Read more about the Qatif pardon. Crossroads Arabia rounds up international coverage.

Facebook U: Researchers from Harvard and UCLA are monitoring 1,700 Facebook users to research social relationships, the New York Times reports.

Some are pooh-poohing the researchers’ attempts. “I cannot help but feel that the researchers are really only observing a very small part of human interaction,” writesAlexander van Elsas, a Dutch telecom professional. “It is what I call observing social behavior through a fishbowl. You can see the person, even see what he is doing, but you also be sure that what you see is a distorted version of reality.”

Wesleying’s Mad Joy, a Wesleyan student, interviews a psychology grad student who created a popular Facebook personality test, and muses about the ethics of studying people without their consent: “On the one hand, I do support the furthering of academic research, and if data about my social life as exhibited through Facebook is going to this ‘good cause,’ I’m pretty okay with that. However, I’m not sure that I like that others might be viewing my profile on false pretenses.”

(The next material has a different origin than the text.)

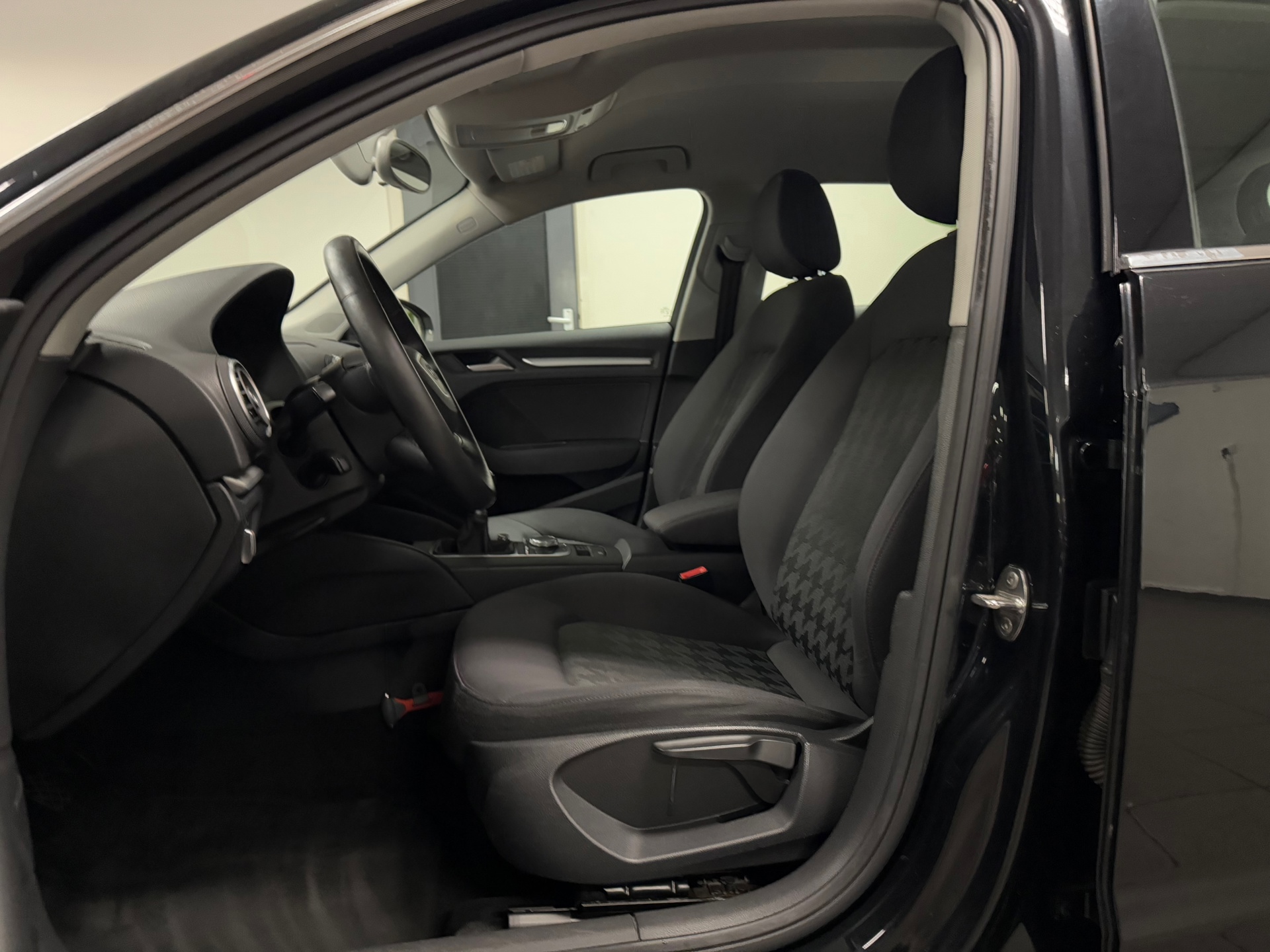 https://www.autokooy.nl//xml/images/44463921-11.JPG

AndChutry Experiment’s Chuck Tryon *, an assistant professor and editorial board member of MediaCommons, “a digital scholarly network,” responds to a related article in the Washington Post: “I think it’s clear that the study of social networking could be better served by aspects of both the traditional peer-review model and of the scholarly network.”

Read more. Peruse one academic researcher’s papers about social networking.

Correction, Dec. 18, 2007: The article originally misspelled the name of blogger Chuck Tryon. (Return to the corrected sentence.)